======== Given records ========

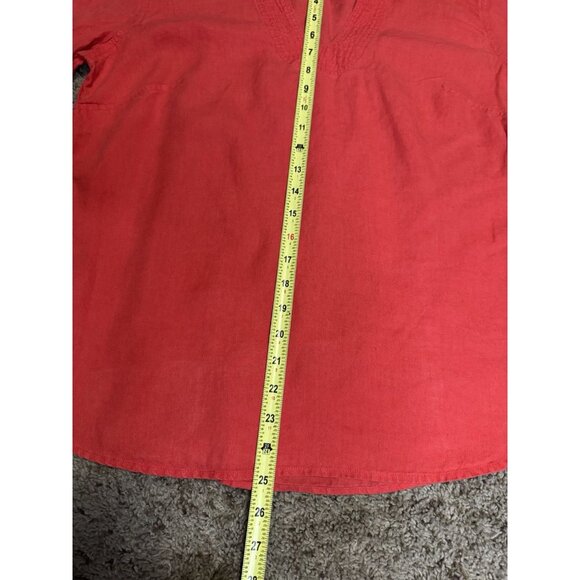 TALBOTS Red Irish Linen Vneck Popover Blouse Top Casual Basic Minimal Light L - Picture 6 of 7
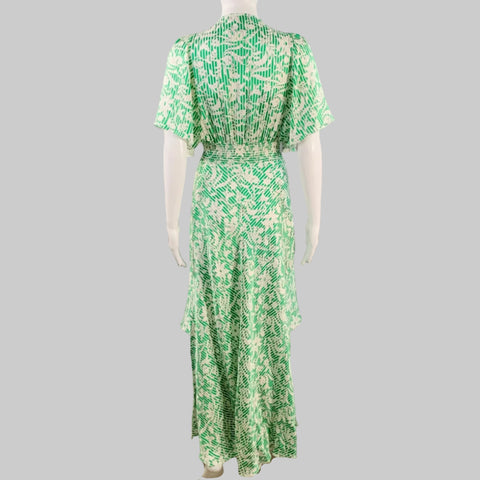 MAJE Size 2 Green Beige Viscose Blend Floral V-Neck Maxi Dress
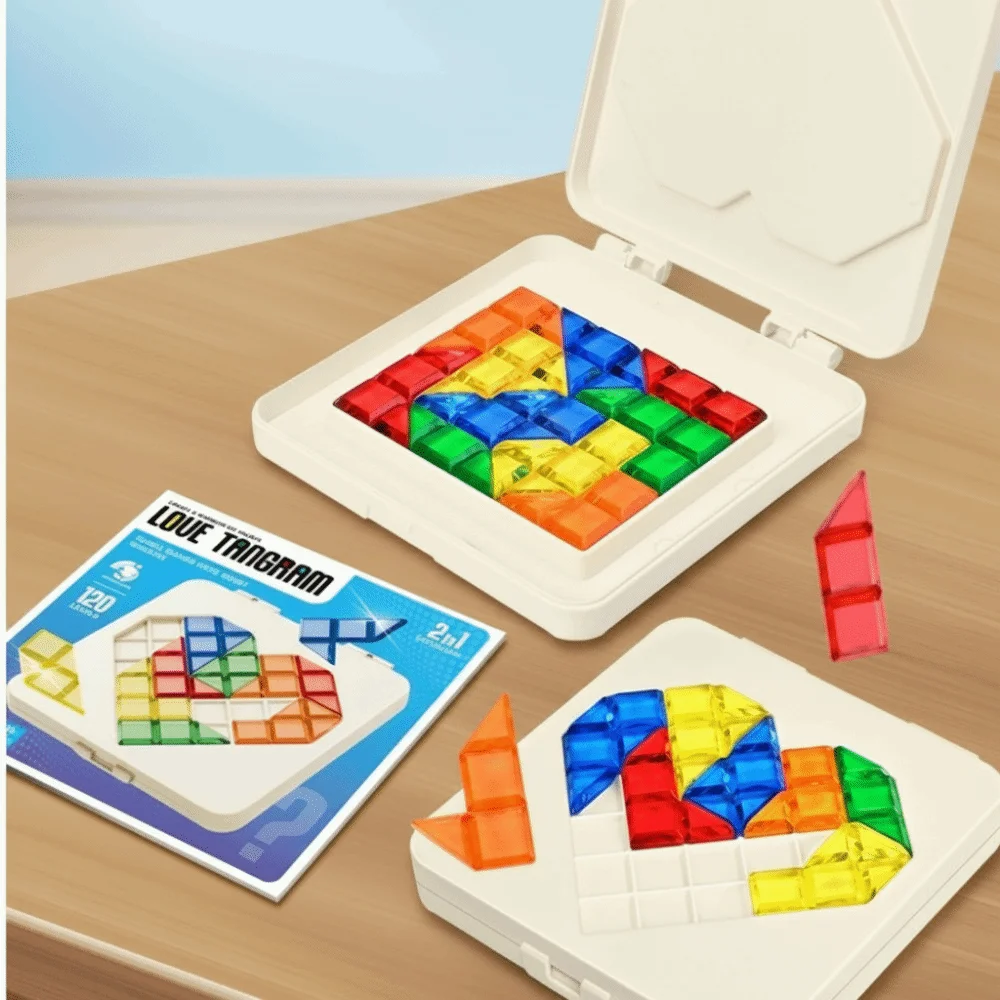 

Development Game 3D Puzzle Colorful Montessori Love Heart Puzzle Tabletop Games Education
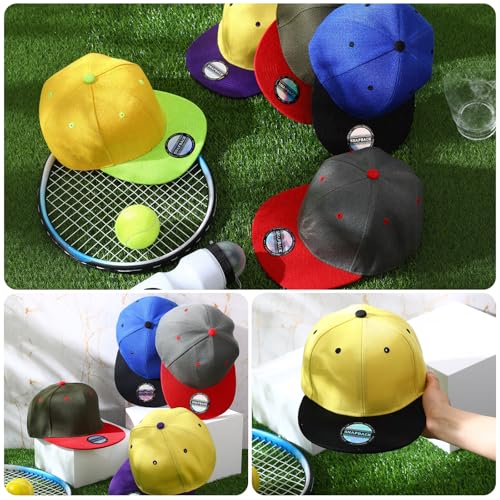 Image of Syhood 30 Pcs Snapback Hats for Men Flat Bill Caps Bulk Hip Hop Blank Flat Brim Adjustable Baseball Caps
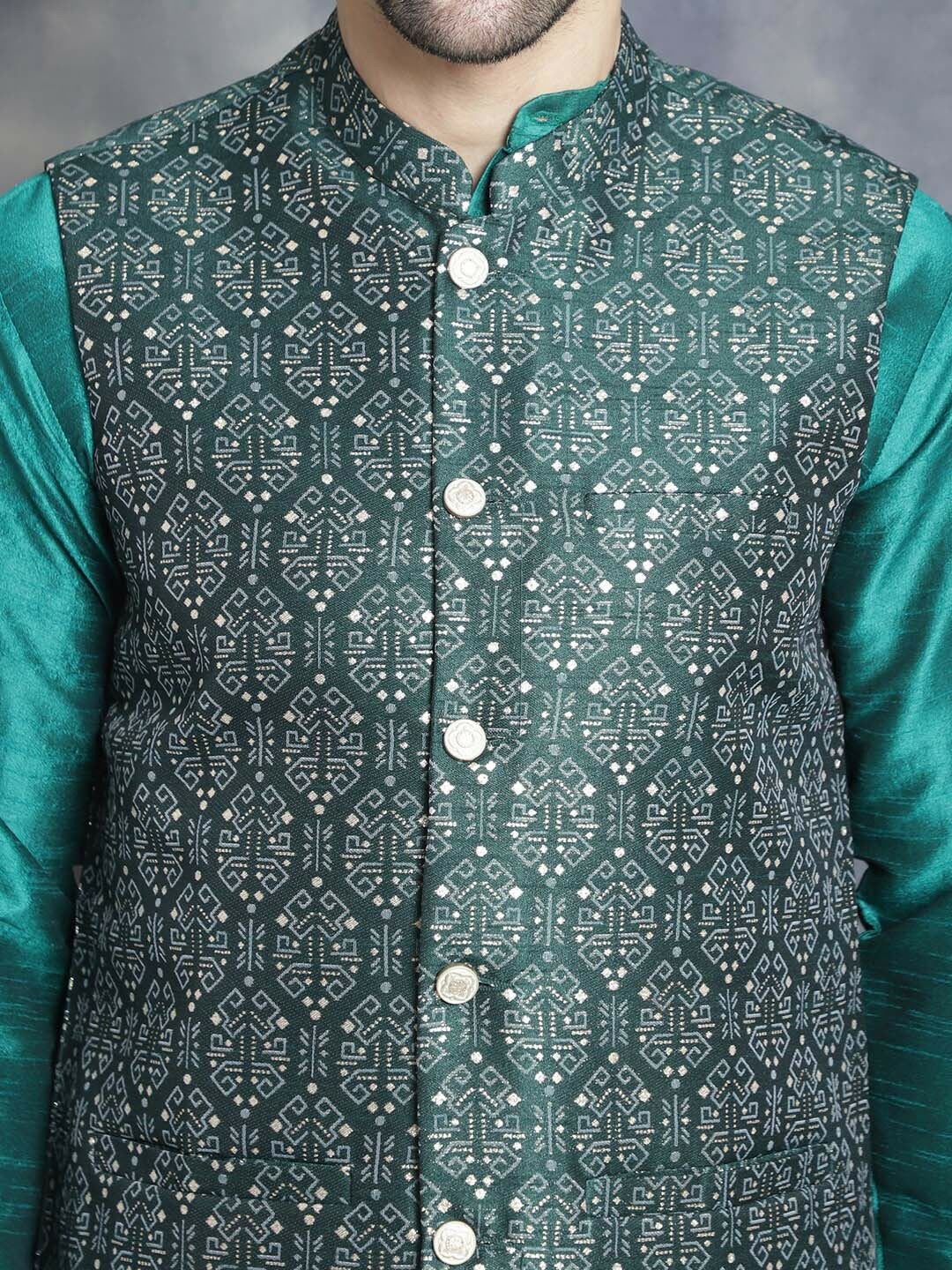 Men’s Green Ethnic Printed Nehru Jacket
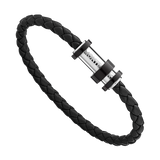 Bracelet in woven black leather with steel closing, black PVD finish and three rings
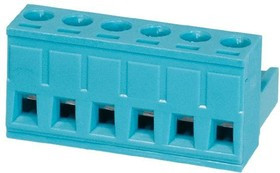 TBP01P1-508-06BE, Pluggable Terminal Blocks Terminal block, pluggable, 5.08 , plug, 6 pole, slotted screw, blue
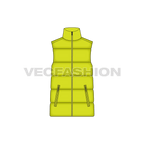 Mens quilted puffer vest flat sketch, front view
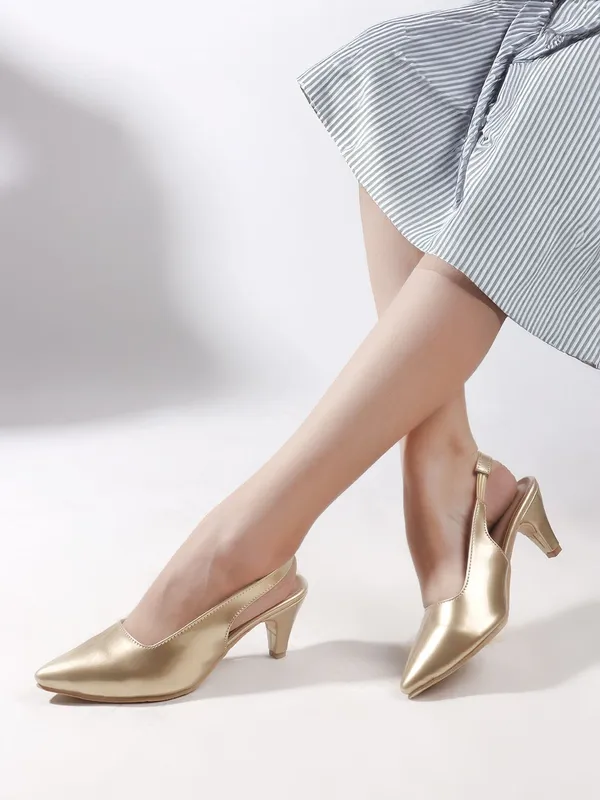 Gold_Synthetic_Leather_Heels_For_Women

========

Activity: Look above for the line containing "TBP01P1-508-06BE, Pluggable Terminal", then retype it and each line after it to the end of the records, exactly and without pictures.

Answer below:
 TBP01P1-508-06BE, Pluggable Terminal Blocks Terminal block, pluggable, 5.08 , plug, 6 pole, slotted screw, blue
 Mens quilted puffer vest flat sketch, front view
 Gold_Synthetic_Leather_Heels_For_Women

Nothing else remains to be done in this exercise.